In Southern California, the wind patterns are expected to be the new norm this week with gusts up to 65 miles per hour.
The Bureau of Land Management (BLM) is warning that strong cold fronts can cause dangerous winds and can also result in dry conditions.
“While the winds will not push a wildfire northward, they will be pushing moisture and cold air into the region,” said Dan Wiedenheft, public information officer for the Southern California Resource Protection Council.
“Given that this is the third day of the fire season, we will see this pattern repeat on a daily basis.”
The National Weather Service has issued wind warnings and watches for Southern California, including Los Angeles, the San Francisco Bay Area, San Joaquin County, Santa Barbara County, and Ventura County.

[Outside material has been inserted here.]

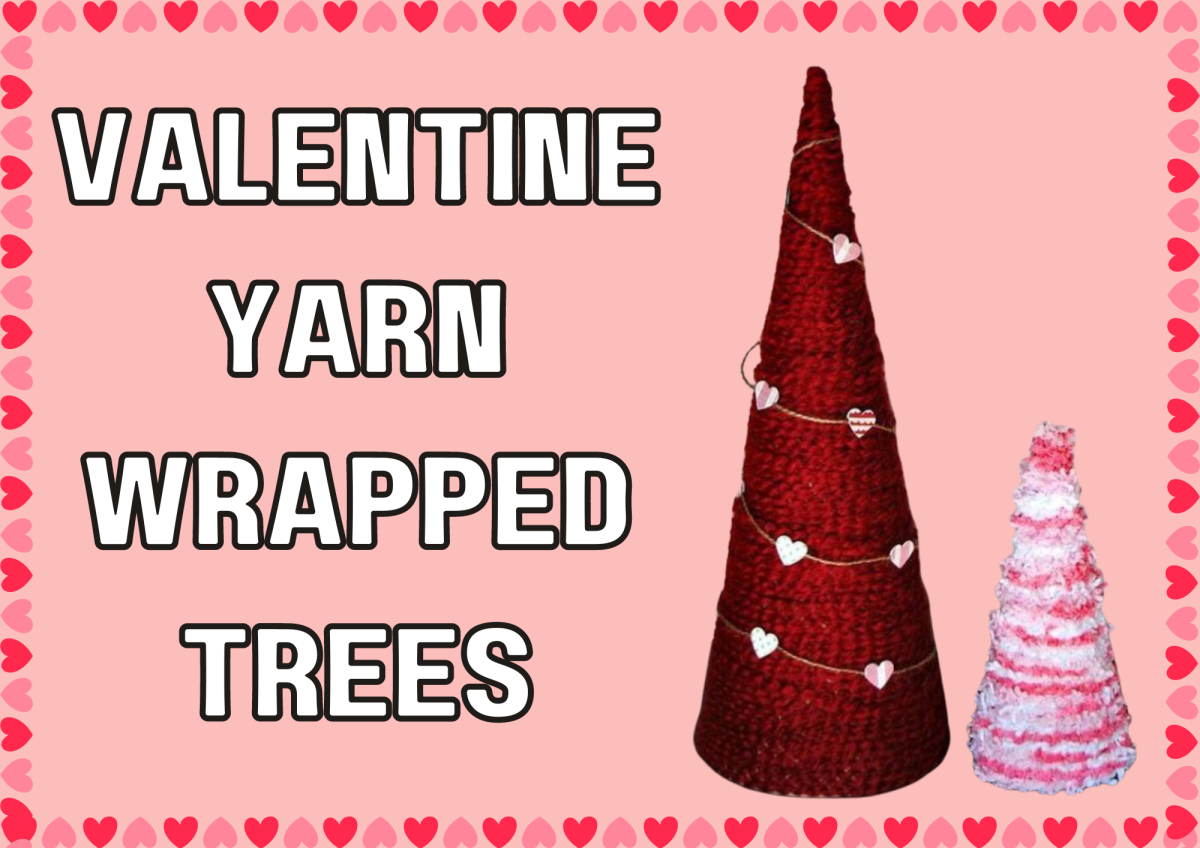 The image shows two foam cones that have been wrapped in yarn and hearts.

“Even though this is the third day of the fire season, we will see this pattern repeat on a daily basis,” Wiedenheft said.
The wildfire situation this week is a familiar one, as it has happened twice this season.

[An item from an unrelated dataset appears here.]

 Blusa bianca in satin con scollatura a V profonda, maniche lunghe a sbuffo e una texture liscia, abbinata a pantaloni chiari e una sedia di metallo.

On the first day, it was in the midst of a heat wave, prompting the Santa Ana winds and a high of 116 degrees.
On the second day, a wildfire had been burning in the Santa Ynez Valley for about two months.
In the aftermath, it had spread to more than 1,200 acres.
This week, there have been two fires in the Santa Ana winds. The first spread more than 11,000 acres, and has now grown to 14,000.
The second, which was burning about 10km north of San Jose, has now grown to 10,000 acres in more than a half-day.